Despite the considerable problems inherent in the former official definition of the ampere, the unit could be measured with uncertainties low enough for almost every present purpose except the most highly advanced research. Doing so, however, typically meant sidestepping the existing SI definition altogether.
Fortunately, physics provided a handy alternative method in the form of Ohm’s law, formulated by German scientist Georg Ohm in 1827. It describes the proportional relationship among three closely associated electrical units: the ampere, the volt and the ohm.
If these units are unfamiliar, it can be helpful to think of them as if they were aspects of a water system. Amperes correspond to the volume of water coming out of a pipe, volts to the water pressure, and ohms to the diameter of the pipe, which determines its resistance to flow.
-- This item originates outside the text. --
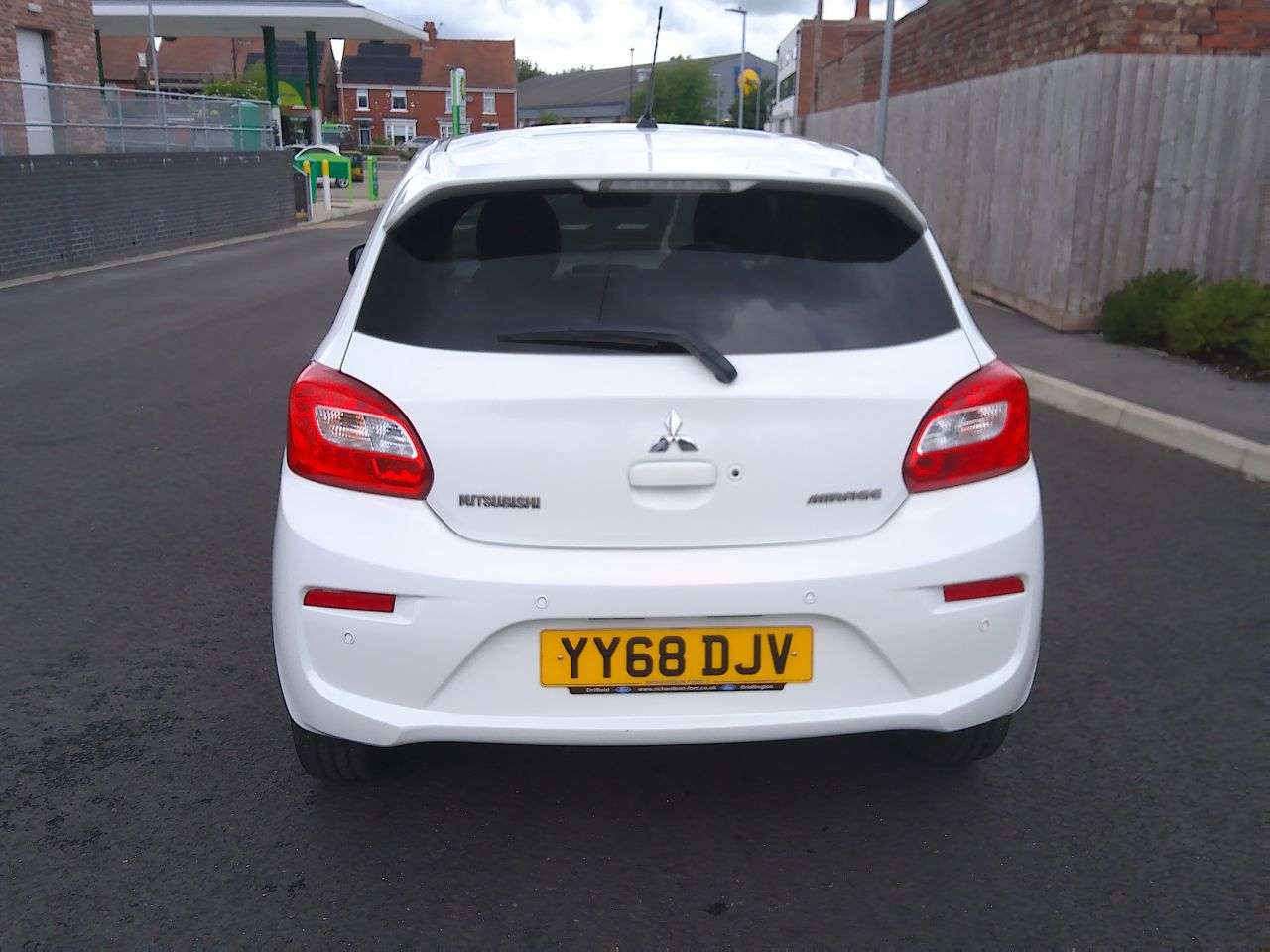 2018 MITSUBISHI MIRAGE 2018 MITSUBISHI MIRAGE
Electric current is expressed in one of the simplest and most useful equations in science: I = V/R, where I is the current, V is the voltage and R is the resistance. (I, as a symbol for current, derives from the French phrase intensité de courant, or current intensity.)
So, using Ohm’s law, if the voltage and resistance in a circuit are known, then the current can be determined using the formula.
Of course, this appears to be doing things completely backwards. After all, in the SI, the seven base units, including the ampere, are meant to be used, in various mathematical combinations, to define 22 derived units―including the volt and the ohm.
Yet, as a practical matter, the derived volt and ohm were used to measure the underlying ampere.
There is an excellent reason for that: Both the volt and the ohm were known with far greater accuracy than the ampere. That’s because their values were already based on constants derived from fundamental effects in the realm of quantum physics. As a result, the volt can be realized to an uncertainty of around 6 parts in a billion, and the ohm to 2 parts in 10 billion.
But there’s a catch. Ohm’s law doesn’t quite have the footing of, say, Newton’s laws of motion. That is, I = V/R can’t be deduced from other laws of physics. Instead, it represents the seemingly unvarying relationship among the three electrical quantities as measured by various techniques around the world during the past two centuries. (That sort of formula is called an “empirical” law because it is based entirely on observational evidence.) To date, it appears that Ohm’s law successfully describes measurements made with uncertainties in the range of parts per ten million. According to one report, it still holds in nanowires one atom tall and four atoms wide.
So far, so good. But modern metrology will require ever lower uncertainties. Moreover, one longstanding goal of research on electrical units is to find out whether Ohm’s law continues to work all the way down to the quantum-mechanical scale of atoms and even smaller objects.
That’s not fully feasible at present. But the redefinition of the ampere based on the elementary charge will eventually make it possible to test Ohm’s law at the smallest dimensions in a relationship called the “Quantum Metrology Triangle.”